Sins like stealing and telling lies.
 
Such tame and obvious sins did not trouble me, but the
priest gave a name to my excitement under the blankets with my father’s
borrowed art books.  
He called mine
the sin of impure thoughts.  And impure
thoughts were worse even than stealing ten pounds.  They were worse even than even the biggest of lies.
 
Whether it is true or not, in terms of Catholic doctrine,
in my mind it became true: impure thoughts constituted mortal sins, and mortal
sins were dangerous indeed.  
Die
with a mortal sin on your soul and you will be banished to hell forever.  Die with a mortal sin and you can never
enter the kingdom of heaven. 
By the time I was eight years old I agonized over these
incessant sins to the point where I imagined God’s pointed finger burning red
at the tip in my direction, but I could not bring myself to tell the priest
about my impure thoughts in the confessional. 
I could not bear to tell the priest things that I feared
might not only cause him to despise me, but might also stir him up. 

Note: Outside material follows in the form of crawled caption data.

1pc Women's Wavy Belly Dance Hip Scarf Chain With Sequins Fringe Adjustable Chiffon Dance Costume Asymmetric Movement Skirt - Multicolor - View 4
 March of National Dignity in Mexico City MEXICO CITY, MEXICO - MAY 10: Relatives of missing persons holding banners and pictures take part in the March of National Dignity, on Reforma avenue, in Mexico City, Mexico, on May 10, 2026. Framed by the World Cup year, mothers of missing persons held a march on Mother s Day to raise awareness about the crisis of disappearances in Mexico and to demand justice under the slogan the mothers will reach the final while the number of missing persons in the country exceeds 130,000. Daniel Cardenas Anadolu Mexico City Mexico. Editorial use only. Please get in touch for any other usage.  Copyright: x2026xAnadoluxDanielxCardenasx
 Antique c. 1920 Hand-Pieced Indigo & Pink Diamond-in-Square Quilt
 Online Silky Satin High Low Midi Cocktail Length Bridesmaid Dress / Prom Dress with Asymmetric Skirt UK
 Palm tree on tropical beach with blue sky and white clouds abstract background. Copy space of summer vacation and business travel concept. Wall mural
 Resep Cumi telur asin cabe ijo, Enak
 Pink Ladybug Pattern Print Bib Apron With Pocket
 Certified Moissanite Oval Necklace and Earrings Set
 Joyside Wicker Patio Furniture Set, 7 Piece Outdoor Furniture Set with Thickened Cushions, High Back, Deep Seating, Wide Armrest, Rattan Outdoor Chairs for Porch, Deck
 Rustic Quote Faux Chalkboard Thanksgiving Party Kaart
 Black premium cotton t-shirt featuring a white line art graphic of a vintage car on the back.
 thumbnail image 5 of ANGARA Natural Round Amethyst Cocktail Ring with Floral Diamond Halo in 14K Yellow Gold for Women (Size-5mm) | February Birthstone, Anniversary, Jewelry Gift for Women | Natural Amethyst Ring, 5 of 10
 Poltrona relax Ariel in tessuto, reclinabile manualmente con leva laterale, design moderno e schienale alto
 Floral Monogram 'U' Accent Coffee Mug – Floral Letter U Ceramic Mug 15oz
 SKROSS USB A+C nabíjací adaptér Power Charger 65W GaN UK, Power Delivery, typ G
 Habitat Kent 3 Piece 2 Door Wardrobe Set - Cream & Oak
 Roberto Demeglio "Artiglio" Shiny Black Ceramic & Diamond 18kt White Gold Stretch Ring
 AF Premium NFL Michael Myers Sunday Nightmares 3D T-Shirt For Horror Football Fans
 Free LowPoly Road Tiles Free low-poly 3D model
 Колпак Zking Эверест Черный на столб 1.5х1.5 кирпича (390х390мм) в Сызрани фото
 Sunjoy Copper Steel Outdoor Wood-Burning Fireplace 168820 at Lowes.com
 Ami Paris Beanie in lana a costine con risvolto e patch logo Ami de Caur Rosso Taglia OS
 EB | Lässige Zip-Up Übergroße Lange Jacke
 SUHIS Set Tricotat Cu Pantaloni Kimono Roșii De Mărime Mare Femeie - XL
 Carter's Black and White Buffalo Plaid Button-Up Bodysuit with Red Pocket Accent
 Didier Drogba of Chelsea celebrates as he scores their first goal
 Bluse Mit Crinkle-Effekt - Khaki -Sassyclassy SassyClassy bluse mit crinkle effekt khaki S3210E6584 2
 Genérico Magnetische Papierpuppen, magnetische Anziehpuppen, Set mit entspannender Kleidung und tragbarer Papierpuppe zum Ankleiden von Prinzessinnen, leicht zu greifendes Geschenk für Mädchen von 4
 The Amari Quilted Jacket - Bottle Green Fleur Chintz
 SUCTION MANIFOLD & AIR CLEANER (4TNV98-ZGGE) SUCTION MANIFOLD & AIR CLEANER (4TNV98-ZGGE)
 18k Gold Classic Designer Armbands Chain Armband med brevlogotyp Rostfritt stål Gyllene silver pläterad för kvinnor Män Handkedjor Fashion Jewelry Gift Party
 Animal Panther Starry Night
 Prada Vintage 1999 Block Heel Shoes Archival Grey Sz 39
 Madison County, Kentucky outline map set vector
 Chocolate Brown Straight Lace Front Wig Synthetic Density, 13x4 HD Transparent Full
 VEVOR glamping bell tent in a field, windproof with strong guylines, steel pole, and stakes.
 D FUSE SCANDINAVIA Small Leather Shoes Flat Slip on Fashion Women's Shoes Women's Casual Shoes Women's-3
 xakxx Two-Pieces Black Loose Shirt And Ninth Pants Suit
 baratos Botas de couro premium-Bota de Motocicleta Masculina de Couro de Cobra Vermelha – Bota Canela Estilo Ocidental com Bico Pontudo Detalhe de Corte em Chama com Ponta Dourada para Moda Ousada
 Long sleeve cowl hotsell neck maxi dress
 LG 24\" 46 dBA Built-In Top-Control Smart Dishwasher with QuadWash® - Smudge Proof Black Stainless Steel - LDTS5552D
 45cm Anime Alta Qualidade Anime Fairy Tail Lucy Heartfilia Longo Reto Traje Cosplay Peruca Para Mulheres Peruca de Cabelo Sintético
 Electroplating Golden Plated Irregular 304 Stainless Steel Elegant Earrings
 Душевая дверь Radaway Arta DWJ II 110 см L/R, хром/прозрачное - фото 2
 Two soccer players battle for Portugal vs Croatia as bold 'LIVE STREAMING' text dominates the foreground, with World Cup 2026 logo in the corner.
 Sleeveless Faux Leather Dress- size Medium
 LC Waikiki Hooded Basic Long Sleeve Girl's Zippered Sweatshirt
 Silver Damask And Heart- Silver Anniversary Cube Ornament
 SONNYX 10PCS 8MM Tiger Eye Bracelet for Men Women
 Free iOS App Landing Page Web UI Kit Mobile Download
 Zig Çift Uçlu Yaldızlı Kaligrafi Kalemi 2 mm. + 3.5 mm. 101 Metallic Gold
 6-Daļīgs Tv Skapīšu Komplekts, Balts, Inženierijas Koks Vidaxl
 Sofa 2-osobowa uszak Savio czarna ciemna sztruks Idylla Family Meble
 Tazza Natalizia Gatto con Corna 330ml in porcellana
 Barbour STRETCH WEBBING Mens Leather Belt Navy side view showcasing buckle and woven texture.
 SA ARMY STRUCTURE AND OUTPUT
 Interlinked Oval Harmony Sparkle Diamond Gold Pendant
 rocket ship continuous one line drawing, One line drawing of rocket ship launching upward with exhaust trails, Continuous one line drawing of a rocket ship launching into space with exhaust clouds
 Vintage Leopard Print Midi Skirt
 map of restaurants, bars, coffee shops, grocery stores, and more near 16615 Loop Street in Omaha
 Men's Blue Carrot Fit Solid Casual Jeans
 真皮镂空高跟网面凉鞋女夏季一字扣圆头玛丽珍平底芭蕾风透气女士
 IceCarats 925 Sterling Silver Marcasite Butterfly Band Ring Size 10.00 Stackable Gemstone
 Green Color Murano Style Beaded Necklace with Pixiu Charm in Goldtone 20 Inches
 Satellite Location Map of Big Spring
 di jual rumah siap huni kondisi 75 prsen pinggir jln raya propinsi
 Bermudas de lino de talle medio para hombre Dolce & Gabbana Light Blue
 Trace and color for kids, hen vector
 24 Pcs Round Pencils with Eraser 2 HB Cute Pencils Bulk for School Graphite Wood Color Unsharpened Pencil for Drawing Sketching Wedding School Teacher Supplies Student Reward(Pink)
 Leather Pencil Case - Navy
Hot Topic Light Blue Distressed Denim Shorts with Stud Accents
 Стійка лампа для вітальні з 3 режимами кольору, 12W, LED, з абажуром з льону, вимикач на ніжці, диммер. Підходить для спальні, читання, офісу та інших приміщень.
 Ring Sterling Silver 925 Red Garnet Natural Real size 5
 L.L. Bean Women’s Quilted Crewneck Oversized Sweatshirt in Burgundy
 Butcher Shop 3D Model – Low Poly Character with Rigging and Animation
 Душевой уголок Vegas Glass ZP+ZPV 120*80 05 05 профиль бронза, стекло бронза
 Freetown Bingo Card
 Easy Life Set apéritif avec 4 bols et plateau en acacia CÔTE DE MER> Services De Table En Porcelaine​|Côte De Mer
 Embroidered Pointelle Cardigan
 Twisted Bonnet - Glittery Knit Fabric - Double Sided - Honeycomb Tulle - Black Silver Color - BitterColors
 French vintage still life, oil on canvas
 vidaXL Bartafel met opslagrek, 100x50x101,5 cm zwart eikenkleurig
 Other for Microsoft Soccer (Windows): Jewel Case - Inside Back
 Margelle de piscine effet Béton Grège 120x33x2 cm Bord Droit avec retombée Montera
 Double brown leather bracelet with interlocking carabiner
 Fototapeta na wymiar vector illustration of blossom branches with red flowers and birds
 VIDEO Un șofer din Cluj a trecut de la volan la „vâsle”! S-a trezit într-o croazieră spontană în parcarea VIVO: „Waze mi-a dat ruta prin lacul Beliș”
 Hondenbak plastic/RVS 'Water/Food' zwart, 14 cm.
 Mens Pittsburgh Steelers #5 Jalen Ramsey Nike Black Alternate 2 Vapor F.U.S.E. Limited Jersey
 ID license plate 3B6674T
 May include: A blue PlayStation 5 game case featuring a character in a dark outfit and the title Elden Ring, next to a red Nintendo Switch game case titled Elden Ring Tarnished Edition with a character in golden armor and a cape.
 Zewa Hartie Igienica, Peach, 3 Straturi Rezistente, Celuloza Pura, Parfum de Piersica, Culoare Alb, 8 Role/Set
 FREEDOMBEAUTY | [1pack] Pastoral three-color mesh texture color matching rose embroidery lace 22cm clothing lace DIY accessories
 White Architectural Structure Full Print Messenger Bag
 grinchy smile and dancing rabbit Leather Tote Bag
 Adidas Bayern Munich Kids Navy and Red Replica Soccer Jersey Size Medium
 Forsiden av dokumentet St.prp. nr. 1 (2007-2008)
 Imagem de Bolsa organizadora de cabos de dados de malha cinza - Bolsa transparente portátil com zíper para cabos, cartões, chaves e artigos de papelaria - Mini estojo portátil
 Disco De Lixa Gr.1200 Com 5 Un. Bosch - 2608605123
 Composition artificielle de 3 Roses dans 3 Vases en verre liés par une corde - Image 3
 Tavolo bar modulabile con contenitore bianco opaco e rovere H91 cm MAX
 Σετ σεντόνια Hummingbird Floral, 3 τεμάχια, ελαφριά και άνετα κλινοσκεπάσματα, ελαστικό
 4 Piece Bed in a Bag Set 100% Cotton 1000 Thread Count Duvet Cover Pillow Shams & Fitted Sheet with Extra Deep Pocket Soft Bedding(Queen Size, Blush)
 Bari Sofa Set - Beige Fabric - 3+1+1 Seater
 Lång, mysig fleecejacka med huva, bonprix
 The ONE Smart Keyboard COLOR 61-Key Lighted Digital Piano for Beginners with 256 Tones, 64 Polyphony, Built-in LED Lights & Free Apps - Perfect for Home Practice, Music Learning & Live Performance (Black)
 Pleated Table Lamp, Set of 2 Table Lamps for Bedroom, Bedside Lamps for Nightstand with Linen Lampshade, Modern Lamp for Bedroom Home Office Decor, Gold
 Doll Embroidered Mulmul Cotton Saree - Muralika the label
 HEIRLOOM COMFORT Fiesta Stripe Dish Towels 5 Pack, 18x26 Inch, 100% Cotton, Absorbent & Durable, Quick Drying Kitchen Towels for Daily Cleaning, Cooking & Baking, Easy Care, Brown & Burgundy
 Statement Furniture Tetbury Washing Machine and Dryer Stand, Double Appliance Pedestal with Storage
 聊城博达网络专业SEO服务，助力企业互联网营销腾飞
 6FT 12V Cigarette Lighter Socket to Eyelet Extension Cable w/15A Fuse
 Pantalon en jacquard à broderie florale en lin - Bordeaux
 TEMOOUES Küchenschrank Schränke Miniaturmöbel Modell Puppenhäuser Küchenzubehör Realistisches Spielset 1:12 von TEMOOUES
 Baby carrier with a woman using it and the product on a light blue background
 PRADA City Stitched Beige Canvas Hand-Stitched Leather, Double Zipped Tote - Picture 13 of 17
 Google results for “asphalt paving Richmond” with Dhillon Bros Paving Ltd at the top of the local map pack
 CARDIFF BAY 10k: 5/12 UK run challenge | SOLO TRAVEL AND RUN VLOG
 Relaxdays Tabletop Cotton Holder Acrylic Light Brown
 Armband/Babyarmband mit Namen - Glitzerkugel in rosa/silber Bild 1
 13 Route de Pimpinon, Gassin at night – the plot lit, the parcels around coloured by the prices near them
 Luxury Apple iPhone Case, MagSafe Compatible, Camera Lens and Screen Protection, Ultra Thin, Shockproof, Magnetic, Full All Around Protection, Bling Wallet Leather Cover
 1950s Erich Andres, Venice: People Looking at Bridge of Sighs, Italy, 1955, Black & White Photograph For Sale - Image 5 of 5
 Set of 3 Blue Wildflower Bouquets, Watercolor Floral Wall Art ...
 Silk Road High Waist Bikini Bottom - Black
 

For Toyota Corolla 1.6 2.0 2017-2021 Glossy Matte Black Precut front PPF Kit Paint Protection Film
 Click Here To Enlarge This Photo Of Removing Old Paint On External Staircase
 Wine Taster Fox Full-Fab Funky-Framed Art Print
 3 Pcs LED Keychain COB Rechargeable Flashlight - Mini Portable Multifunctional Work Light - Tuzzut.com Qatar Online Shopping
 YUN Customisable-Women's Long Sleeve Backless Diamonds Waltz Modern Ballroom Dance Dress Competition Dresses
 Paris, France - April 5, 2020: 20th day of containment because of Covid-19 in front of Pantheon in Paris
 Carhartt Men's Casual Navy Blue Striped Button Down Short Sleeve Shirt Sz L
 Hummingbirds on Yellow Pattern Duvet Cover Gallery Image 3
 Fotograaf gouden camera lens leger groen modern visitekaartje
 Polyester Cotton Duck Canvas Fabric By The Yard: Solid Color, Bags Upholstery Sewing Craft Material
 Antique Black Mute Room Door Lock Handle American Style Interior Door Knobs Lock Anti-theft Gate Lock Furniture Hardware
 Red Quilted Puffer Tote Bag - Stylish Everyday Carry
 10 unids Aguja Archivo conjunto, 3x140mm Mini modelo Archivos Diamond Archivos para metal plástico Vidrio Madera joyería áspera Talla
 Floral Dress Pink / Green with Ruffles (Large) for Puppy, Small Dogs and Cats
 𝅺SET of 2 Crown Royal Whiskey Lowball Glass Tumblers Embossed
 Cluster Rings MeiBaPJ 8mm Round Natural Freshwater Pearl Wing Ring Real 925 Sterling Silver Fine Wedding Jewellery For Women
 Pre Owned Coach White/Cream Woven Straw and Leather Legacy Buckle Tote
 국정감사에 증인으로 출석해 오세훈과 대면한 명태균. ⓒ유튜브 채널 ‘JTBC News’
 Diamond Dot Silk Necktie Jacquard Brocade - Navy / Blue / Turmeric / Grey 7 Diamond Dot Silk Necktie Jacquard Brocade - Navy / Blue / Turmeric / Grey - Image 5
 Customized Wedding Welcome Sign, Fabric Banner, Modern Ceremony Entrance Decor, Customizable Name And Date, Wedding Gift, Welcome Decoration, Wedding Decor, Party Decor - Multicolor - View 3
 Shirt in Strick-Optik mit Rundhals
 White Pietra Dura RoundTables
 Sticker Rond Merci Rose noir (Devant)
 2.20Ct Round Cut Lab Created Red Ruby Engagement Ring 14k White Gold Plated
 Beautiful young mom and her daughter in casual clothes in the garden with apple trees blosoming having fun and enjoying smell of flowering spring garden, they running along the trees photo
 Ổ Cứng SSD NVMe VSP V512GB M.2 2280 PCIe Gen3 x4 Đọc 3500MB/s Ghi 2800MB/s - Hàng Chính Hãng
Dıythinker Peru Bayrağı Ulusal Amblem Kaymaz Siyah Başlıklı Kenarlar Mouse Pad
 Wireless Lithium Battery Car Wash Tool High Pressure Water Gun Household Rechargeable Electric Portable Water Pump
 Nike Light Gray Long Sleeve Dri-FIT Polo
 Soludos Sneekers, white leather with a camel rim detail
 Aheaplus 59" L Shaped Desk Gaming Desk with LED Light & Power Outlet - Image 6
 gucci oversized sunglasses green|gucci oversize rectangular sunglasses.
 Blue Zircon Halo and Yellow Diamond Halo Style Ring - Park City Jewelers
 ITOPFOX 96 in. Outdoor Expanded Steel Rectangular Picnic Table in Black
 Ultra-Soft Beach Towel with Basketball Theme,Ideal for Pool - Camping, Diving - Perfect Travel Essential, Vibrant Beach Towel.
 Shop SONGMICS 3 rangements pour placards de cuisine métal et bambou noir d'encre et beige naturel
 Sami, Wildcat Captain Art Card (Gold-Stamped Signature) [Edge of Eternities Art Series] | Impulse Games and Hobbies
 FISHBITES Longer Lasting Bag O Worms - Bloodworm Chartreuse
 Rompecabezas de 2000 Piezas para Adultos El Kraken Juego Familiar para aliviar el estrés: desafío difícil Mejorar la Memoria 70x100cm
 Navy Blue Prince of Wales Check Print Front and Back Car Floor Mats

Somehow, I knew about that strange contagion of desire; the
way looking and being seen, listening and telling could evoke powerful
responses in the others. 
What could I do?  My sins of impure thought weighed me down as if I were carrying lead,
like the silver grey lump that rested on a bench in my father’s workshop; a
lump of lead, poisonous my brothers told me, and too heavy for us to
carry.
 
How could I be rid of this sin? 
Then I heard about novenas, and relief from sin, of all
kinds and degrees of severity, when a person goes to mass on the first Friday
of every month for nine months. 
How I managed to get to the first Friday of every month Mass
as a ten year old, I cannot fathom, but in my memory I managed it.  I most likely went along with my
sister. She was busy getting up early most mornings by then to avoid our
father’s visits in the night. 
She and I went to early Mass together. In those days daily
seven o’clock Mass was commonplace. 
She and I walked together to mass to cleanse our souls; she for what was
done to her, and me, for what I might do to others.